The artist claims to have attended John Dillinger’s funeral in Mooresville, IN. Thousands of Hoosiers did, so while the claim can’t be verified, it’s possible.
Keep an eye out for the Dillinger (1964/1968) sculpture on view in the exhibition, produced from a ship’s mast.
“The Sweet Mystery” closes with a Vegas-style, light-up, four-piece distillation of life according to Indiana titled The Electric American Dream (2007 –2018).
We eat. We die. We love (hug). We make mistakes (err).
LOVE
“The Sweet Mystery” doesn’t ignore what Indiana is best known for: LOVE. His stacked LOVE sculpture/text series is the single most recognizable, global, famous, oft reproduced American artwork. The U.S. Postal Service produced 425 million LOVE stamps in 1973 and 1974.
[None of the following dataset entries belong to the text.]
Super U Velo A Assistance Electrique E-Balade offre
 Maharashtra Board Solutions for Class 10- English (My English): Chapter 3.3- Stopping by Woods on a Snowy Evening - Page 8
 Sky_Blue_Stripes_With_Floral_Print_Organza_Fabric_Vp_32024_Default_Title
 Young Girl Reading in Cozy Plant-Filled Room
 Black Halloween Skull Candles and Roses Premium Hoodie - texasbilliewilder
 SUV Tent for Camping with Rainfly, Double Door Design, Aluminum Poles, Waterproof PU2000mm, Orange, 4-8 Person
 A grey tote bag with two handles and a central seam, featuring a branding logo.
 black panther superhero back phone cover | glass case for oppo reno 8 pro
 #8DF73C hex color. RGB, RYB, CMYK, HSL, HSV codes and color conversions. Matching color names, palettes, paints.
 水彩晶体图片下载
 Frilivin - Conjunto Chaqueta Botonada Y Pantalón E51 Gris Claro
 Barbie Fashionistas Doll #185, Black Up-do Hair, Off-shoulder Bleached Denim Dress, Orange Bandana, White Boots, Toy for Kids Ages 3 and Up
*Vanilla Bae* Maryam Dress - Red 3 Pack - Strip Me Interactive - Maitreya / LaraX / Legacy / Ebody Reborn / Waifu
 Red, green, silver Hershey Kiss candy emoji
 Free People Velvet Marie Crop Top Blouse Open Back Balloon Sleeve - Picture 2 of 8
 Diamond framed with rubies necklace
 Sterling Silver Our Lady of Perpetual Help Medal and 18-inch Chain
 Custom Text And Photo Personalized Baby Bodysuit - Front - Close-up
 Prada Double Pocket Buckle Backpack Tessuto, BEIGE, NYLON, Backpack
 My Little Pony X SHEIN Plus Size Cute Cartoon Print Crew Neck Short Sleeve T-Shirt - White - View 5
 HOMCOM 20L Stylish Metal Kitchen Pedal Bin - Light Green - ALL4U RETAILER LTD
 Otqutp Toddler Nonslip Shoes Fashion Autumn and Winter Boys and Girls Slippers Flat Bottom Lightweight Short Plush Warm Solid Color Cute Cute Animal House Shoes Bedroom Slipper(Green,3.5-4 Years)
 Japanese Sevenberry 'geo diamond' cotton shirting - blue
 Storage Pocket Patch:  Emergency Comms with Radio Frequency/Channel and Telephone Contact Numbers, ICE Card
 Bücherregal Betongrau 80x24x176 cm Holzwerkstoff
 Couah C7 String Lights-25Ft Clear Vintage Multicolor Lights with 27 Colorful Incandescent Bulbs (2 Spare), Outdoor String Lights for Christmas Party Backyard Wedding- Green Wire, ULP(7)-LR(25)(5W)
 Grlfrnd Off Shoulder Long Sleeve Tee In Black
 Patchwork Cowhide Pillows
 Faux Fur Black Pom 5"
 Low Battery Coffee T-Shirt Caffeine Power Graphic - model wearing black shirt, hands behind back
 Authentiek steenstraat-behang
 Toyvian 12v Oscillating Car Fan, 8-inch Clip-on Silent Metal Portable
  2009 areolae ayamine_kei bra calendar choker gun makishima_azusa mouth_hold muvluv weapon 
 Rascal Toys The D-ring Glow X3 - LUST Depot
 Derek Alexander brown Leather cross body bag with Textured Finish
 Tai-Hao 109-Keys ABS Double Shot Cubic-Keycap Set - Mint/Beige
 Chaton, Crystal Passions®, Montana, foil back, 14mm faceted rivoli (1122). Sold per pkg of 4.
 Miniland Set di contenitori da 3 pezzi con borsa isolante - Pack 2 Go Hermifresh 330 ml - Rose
The exhibition has a fascinating two-dimensional representation from 1966 of what would become the three-dimensional LOVE sculpture, and shares the story of how LOVE began with a Christmas Card commission from the Museum of Modern Art.
“He talked about the LOVE paintings in particular as a one word concrete poem, but the use of text really drove a wall between him and Ellsworth Kelly, and in some versions of the way he tells the story, Ellsworth never spoke to him again after including text in the paintings,” Lyons said.
To know love is also to know heartbreak. Beware. Notice those danger/caution stripes in The Sweet Mystery.
“The LOVE image became the image most associated with Indiana, and in some ways, this incredible achievement and blessing to make an icon, overtook a lot of the other (work),” Geiss said.
“The Sweet Mystery” brings his exceptional and overlooked paintings and assemblages out of LOVE’s shadow. It also presents the artist in a previously overlooked light.
“Indiana was a romantic,” Geiss added. “People don’t see the work that way even though he’s known for the LOVE sculpture.”
Presented by the Yorkshire Sculpture Park in collaboration with The Robert Indiana Legacy Initiative, “Robert Indiana: The Sweet Mystery,” opens on April 20 and runs through November 24, 2024. Find it right on St. Mark’s Square in the stunning Procuratie Vecchie.